24, 2012) through the period ended December 31, 2013 of $53,813. In addition, the Company’s development activities since inception have been financially sustained through capital contributions from a note holder.

 

The ability of the Company to continue as a going concern is dependent upon its ability to raise additional capital from the sale of common stock or through debt financing and, ultimately, the achievement of significant operating revenues. These financial statements do not include any adjustments relating to the recoverability and classification of recorded asset amounts, or amounts and classification of liabilities that might result from this uncertainty.

  

F-7

SYNERGY STRIPS CORP.

(A Development Stage Company)

Notes to the Financial Statements

NOTE 4 – INCOME TAXES

 

The Company has incurred aggregate net operating losses of approximately $50,293 for income tax purposes for the year ended December 31, 2013. The net operating loss carries forward for United States income taxes, which may be available to reduce future years’ taxable income.
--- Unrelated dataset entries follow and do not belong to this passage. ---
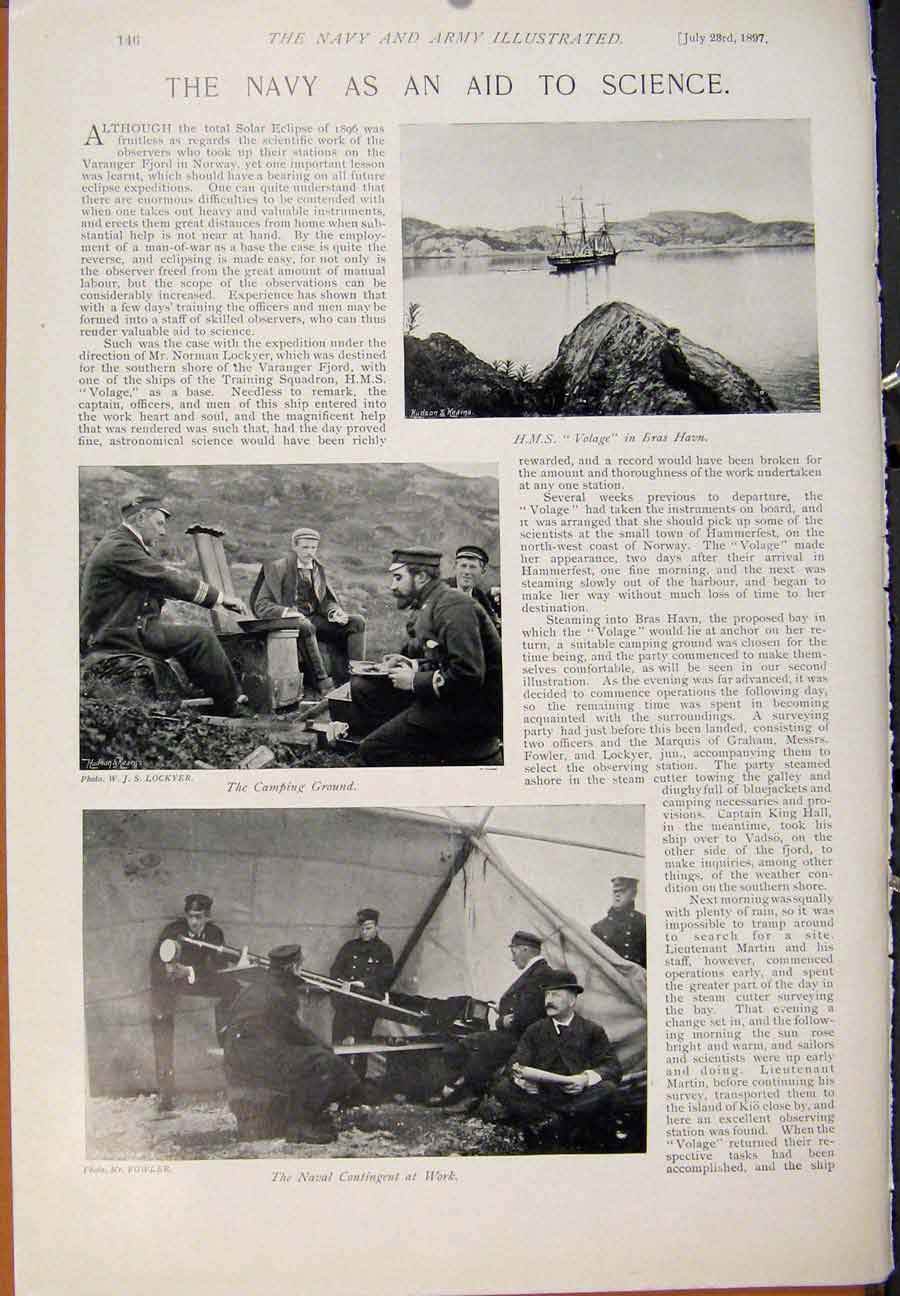 Original Old Antique Print Navy & Army Work Men Wars Me Ashore Navy Aid
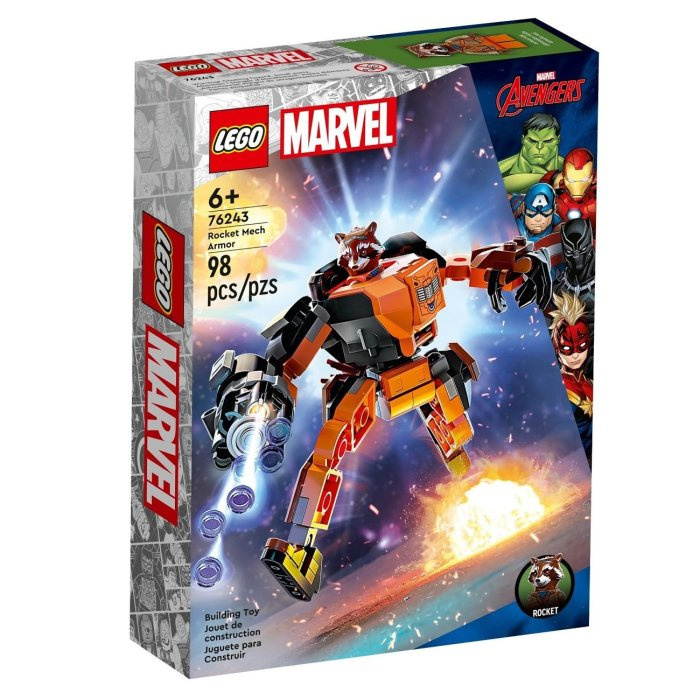 76243 Lego Marvel – Rocket v robotickém brnění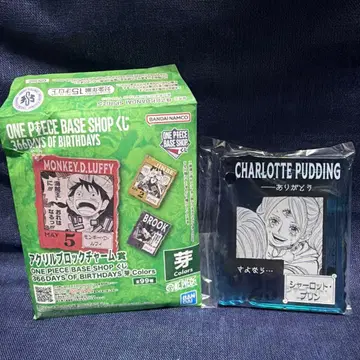 원피스 베이스샵 복권 아크릴 블록 참상 샬롯 푸딩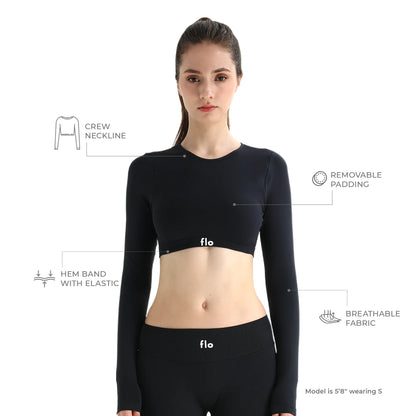 Form Long Sleeve Crop Top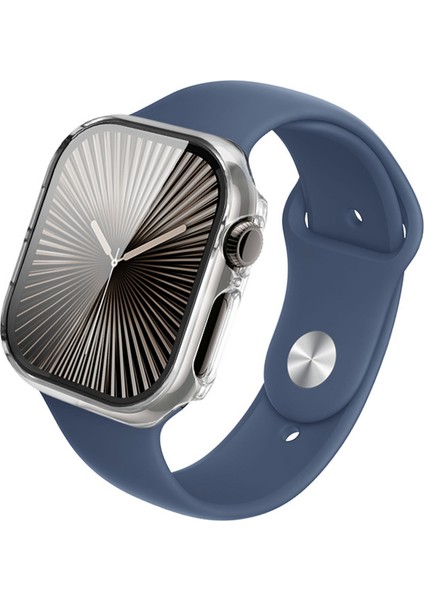 Apple Watch Series 10 46MM Tam Korumalı Temperli Cam Filmli Koruyucu Kılıf (Yurt Dışından) indirimleri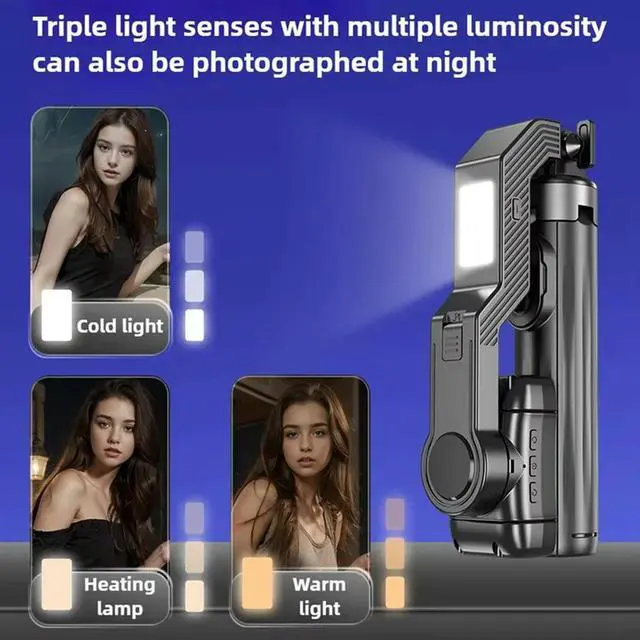 Alt view image 6 of 7 - Handheld Gimbal Stabilizer Smartphone Camera Stabilizer For Smartphones Tiktok Vlog Youtuber Live Video Reco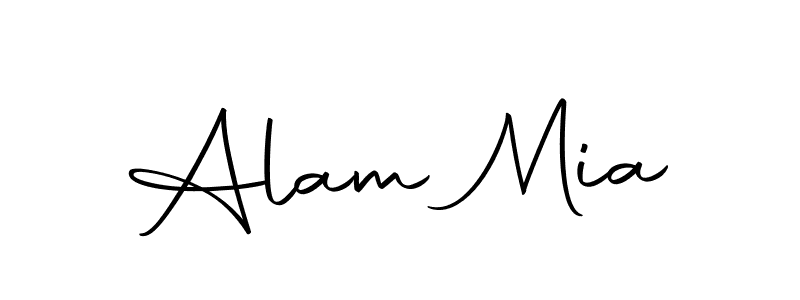Create a beautiful signature design for name Alam Mia. With this signature (Autography-DOLnW) fonts, you can make a handwritten signature for free. Alam Mia signature style 10 images and pictures png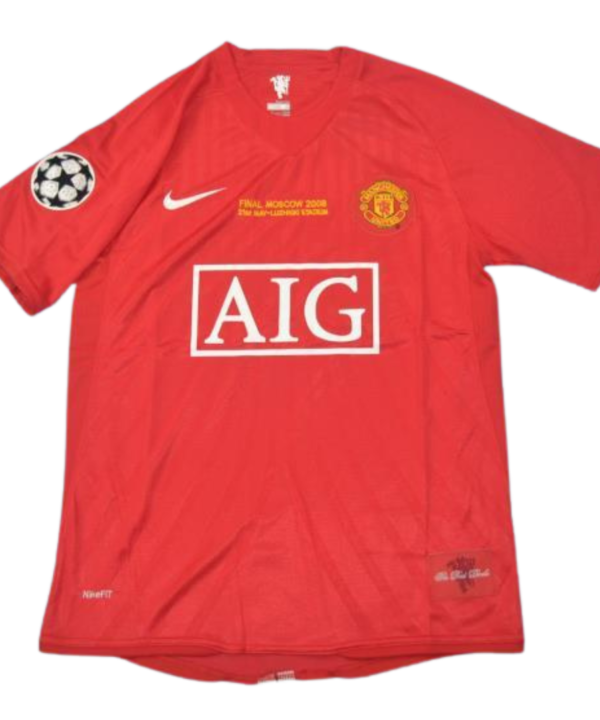 Camisa Manchester United UCL Final 07/08 - Versão Retrô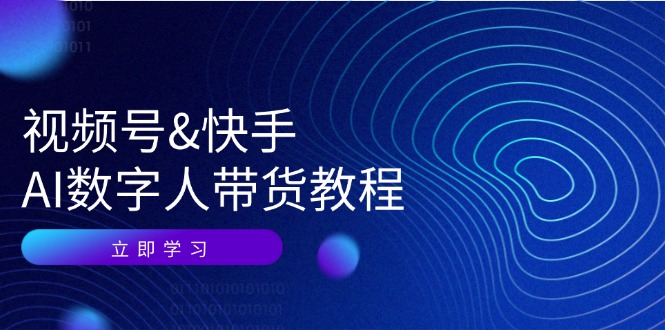 （12470期）视频号&快手-AI数字人带货教程：认知、技术、运营、拓展与资源变现-云长聊项目
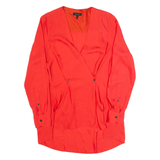 RAG & BONE Womens Blouse Red V-Neck Long Sleeve S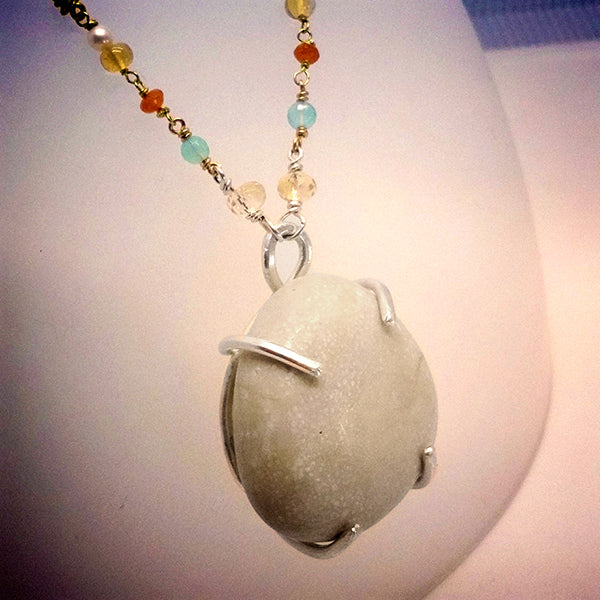 Freeform Stone Pendant for Alexis 1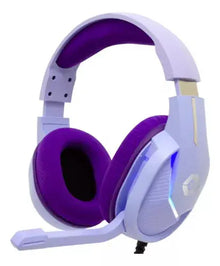 Audifonos Gamer Alambricos Morados Axolotl Vortred Luz Rgb - Vortred - empaque
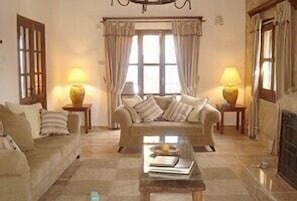 Stylish and luxurious lounge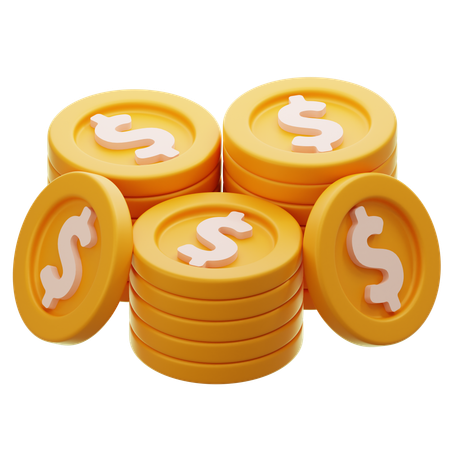 Moedas  3D Icon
These carry forwards will expire, if not utilized, through 2033. Management believes that the realization of the benefits from these losses appears not more than likely due to the Company’s limited operating history and continuing losses for United States income tax purposes. Accordingly, the Company has provided a 100% valuation allowance on the deferred tax asset to reduce the asset to zero. Management will review this valuation allowance periodically and make adjustments as warranted.

 

The effective tax rate on the net loss before income taxes differs from the U.S. statutory rate as follows:

   December 31,
   2013  2012
       
U.S. Statutory rate   35%   35%
Less: valuation allowance   (35%)   (35%)
Net deferred tax asset   0%   0%
           

 

The significant components of deferred tax assets and liabilities are as follows:

 

   December 31,
   2013  2012
       
Deferred tax assets:          
Net operating loss carry forward  $17,603   $1,232 
Total  deferred tax assets          
Less: valuation allowance   (17,603)   (1,232)
Net deferred tax asset  $—     $—   
           

 

NOTE 5 – ADVANCES FROM RELATED PARTY

 

During the year ended December 31, 2013 and the period from January 24, 2012 (inception), the Company received $52,813 and $520, respectively from a related party for operational startup expenses.

 

NOTE 6 – STOCKHOLDERS’ EQUITY

 

The Company is authorized to issue up to 3,000 shares of $0.001 par value common stock.

 

During the year ended December 31, 2012, the Company sold 3,000 shares of common stock at its par value of $0.001 and has recorded subscriptions receivable in the amount of $3.

 

NOTE 7 - SUBSEQUENT EVENTS

 

The Company evaluates events that have occurred after the balance sheets date but before the financial statements are issued in accordance with ASC 855. The Company did not identify any subsequent events that would require adjustment or disclosure in the financial statements.